Required work
Your answer should be the lines from the start of the records through the line with "Lime Yellow Jersey Hooded Cora Jacket", copied word for word.

Input records
Segment Open

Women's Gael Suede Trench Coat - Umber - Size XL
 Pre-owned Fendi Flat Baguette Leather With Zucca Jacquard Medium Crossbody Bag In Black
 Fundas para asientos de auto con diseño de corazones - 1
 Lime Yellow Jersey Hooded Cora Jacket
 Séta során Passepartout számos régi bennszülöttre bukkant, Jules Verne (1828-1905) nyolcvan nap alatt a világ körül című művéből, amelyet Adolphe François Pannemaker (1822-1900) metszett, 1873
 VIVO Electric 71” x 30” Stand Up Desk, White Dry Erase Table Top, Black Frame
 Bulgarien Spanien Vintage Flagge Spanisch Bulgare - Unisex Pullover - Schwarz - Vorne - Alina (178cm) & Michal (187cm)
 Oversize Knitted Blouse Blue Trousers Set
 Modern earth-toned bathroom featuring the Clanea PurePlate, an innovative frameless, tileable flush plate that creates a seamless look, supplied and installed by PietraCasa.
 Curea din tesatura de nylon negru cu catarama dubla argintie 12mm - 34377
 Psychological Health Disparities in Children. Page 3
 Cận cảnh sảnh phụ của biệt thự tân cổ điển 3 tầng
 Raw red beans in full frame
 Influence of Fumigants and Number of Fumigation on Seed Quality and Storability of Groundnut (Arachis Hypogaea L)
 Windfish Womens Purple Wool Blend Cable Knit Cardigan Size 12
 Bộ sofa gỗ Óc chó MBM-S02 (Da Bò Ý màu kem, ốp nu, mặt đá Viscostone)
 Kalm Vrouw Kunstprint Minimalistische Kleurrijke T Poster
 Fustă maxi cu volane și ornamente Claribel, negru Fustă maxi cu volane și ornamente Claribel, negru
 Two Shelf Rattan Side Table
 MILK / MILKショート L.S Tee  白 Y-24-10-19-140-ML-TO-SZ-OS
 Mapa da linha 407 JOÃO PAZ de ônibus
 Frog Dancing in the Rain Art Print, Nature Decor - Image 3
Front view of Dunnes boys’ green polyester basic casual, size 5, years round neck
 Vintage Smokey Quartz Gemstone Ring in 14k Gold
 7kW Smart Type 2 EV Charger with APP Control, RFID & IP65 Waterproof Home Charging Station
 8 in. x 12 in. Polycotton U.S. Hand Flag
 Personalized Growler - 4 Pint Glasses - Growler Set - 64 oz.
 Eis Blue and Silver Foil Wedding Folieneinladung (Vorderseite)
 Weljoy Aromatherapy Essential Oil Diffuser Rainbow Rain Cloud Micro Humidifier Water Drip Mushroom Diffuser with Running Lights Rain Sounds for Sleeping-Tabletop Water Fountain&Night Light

Segment Closed

Result of this task
Women's Gael Suede Trench Coat - Umber - Size XL
 Pre-owned Fendi Flat Baguette Leather With Zucca Jacquard Medium Crossbody Bag In Black
 Fundas para asientos de auto con diseño de corazones - 1
 Lime Yellow Jersey Hooded Cora Jacket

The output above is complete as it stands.